Plant-Derived Flavonoids as AMPK Activators: Unveiling Their Potential in Type 2 Diabetes Management through Mechanistic Insights, Docking Studies, and Pharmacokinetics

Round 1

Reviewer 1 Report

Comments and Suggestions for Authors

The manuscript titled "Plant-Derived Flavonoids as AMPK Activators: Unveiling Their Potential in Type 2 Diabetes Management Through Mechanistic Insights, Docking Studies, and Pharmacokinetics" is a well-structured and comprehensive review. It covers the potential of plant-derived flavonoids as AMPK activators in the treatment of Type 2 Diabetes (T2DM). The manuscript discusses the mechanisms of action, docking studies, and pharmacokinetic properties (ADME) of various flavonoids. Several areas could benefit from additional detail and clarification to enhance the overall quality and impact of the review.

1. Abstract:

• Consider expanding the keywords.

2. Introduction

• Add a brief reference to the historical use of flavonoids in herbal therapies, highlighting how this background supports their potential as natural treatments for diabetes.
• Elaborate on the mechanisms by which AMPK modulates inflammation and oxidative stress, with appropriate references to recent studies.
• Introduce a transition section to connect the discussion on AMPK with flavonoids more fluidly, ensuring that the narrative is easy to follow.
• Summarize key findings from recent animal studies and preliminary clinical trials that have demonstrated the potential of flavonoids in managing T2DM.

3. Methodology

• Provide a more thorough explanation of the inclusion and exclusion criteria used to select the reviewed studies, improving the transparency and reproducibility of the review.

4. Body of the Manuscript

• Include a discussion on the limitations of molecular docking, particularly its ability to predict interactions in the complex biological environment of the human body.
• Where possible, provide data (e.g., percentage improvements in glucose uptake, AMPK activation) to help readers understand the relative effectiveness of each flavonoid. This could also enhance the value of Table 1.
• Delve deeper into the clinical implications of using flavonoids as diabetes therapies. Discuss challenges like bioavailability, drug interactions, and solubility, and propose potential solutions to overcome these barriers.
• Include a section discussing possible adverse effects of long-term flavonoid use, referencing toxicology studies if available.
• Add a comparison between the efficacy of the flavonoids and conventional drugs, particularly in terms of effectiveness and side effects, to provide readers with valuable context on the therapeutic potential of flavonoids.

5. Future Directions

• Create a section outlining clear future research directions, such as the need for clinical trials and studies examining the combined use of flavonoids with conventional diabetes therapies.

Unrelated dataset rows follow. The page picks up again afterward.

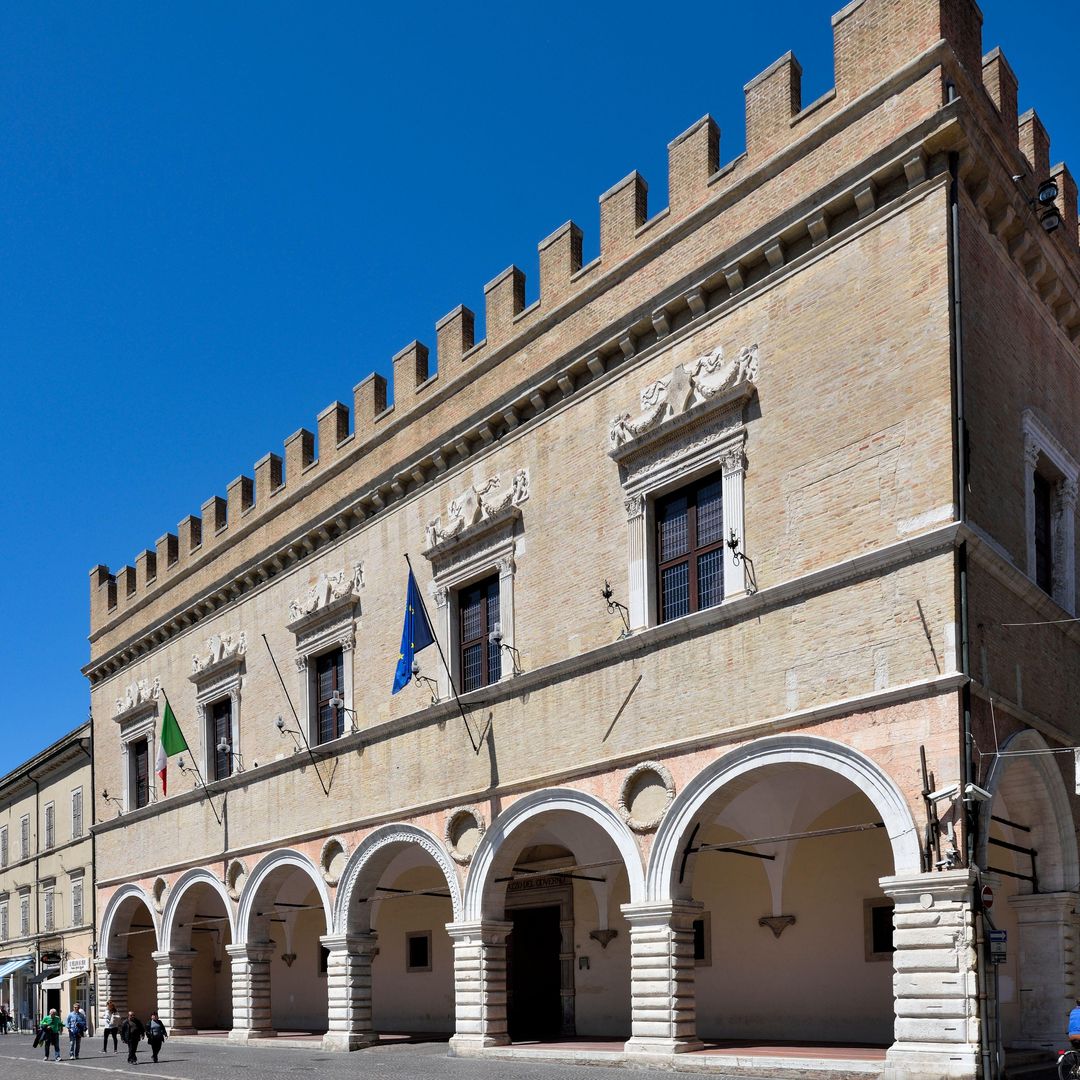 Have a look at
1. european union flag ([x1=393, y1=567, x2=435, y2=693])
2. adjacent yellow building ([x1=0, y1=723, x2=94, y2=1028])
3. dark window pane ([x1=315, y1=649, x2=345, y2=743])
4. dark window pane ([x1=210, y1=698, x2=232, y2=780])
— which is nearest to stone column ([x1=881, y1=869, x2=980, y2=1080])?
european union flag ([x1=393, y1=567, x2=435, y2=693])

Comments on the Quality of English Language

No comments

Author Response

Reviewer1

Thank you for your thoughtful and constructive feedback. I have carefully addressed each of your points in the revised manuscript as follows:

1. Abstract:

• Consider expanding the keywords.

⟶ I have expanded the keywords.

 

2. Introduction

• Add a brief reference to the historical use of flavonoids in herbal therapies, highlighting how this background supports their potential as natural treatments for diabetes.

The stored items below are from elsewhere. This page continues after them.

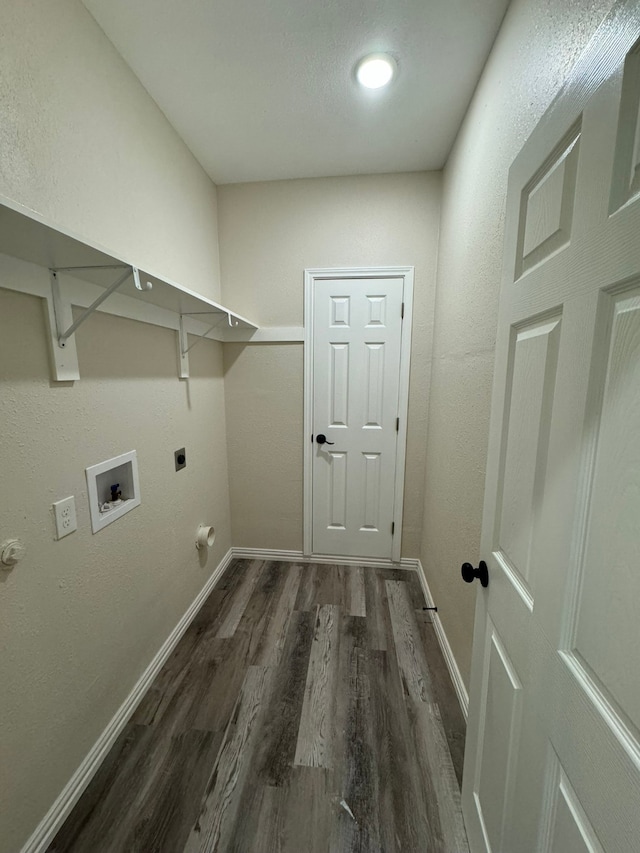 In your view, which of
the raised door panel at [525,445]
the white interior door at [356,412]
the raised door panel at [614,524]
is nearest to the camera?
the raised door panel at [614,524]

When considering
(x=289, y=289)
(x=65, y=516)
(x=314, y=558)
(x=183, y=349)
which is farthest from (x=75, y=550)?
(x=289, y=289)

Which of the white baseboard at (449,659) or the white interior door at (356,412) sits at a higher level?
the white interior door at (356,412)

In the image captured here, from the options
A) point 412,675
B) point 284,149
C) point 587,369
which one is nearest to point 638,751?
point 587,369

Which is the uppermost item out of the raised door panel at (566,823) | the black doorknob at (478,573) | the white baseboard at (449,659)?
the black doorknob at (478,573)

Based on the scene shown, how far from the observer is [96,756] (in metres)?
1.20

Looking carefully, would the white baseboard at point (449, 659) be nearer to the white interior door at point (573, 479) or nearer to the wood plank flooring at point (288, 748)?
the wood plank flooring at point (288, 748)

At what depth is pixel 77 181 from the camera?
112 cm

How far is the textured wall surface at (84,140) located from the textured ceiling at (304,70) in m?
0.13

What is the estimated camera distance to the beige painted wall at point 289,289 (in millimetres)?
2115

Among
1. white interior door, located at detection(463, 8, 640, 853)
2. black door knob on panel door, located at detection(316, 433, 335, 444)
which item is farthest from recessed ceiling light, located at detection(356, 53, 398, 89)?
black door knob on panel door, located at detection(316, 433, 335, 444)

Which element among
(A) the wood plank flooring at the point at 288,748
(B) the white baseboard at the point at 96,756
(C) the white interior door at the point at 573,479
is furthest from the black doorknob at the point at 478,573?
(B) the white baseboard at the point at 96,756

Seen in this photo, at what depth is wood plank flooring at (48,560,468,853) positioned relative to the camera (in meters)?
1.03

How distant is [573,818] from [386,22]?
2.20 meters

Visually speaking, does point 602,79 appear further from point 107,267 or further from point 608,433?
point 107,267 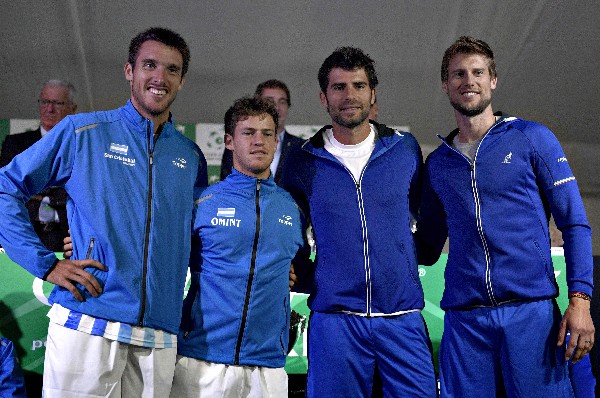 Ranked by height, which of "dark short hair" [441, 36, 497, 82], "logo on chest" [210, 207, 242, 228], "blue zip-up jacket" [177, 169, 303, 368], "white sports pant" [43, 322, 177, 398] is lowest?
"white sports pant" [43, 322, 177, 398]

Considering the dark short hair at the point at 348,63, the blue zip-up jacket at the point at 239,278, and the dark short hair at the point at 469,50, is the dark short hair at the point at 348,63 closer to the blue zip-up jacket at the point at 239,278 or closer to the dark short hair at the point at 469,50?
the dark short hair at the point at 469,50

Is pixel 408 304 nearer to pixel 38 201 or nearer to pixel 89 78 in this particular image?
pixel 38 201

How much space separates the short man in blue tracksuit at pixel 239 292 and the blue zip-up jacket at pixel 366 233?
0.54 ft

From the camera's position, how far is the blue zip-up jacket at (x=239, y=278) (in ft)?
10.3

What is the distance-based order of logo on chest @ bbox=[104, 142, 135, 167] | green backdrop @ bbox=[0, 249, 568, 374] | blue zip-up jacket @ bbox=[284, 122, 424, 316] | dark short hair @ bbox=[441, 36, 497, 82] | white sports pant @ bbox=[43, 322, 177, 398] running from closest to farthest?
white sports pant @ bbox=[43, 322, 177, 398]
logo on chest @ bbox=[104, 142, 135, 167]
blue zip-up jacket @ bbox=[284, 122, 424, 316]
dark short hair @ bbox=[441, 36, 497, 82]
green backdrop @ bbox=[0, 249, 568, 374]

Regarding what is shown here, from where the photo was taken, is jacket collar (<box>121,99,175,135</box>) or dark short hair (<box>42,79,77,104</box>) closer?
jacket collar (<box>121,99,175,135</box>)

⟶ A brief reference to the historical use of flavonoids in herbal therapies has been added.

 

• Elaborate on the mechanisms by which AMPK modulates inflammation and oxidative stress, with appropriate references to recent studies.

⟶ The mechanisms by which AMPK modulates inflammation and oxidative stress have been elaborated.

 

• Introduce a transition section to connect the discussion on AMPK with flavonoids more fluidly, ensuring that the narrative is easy to follow.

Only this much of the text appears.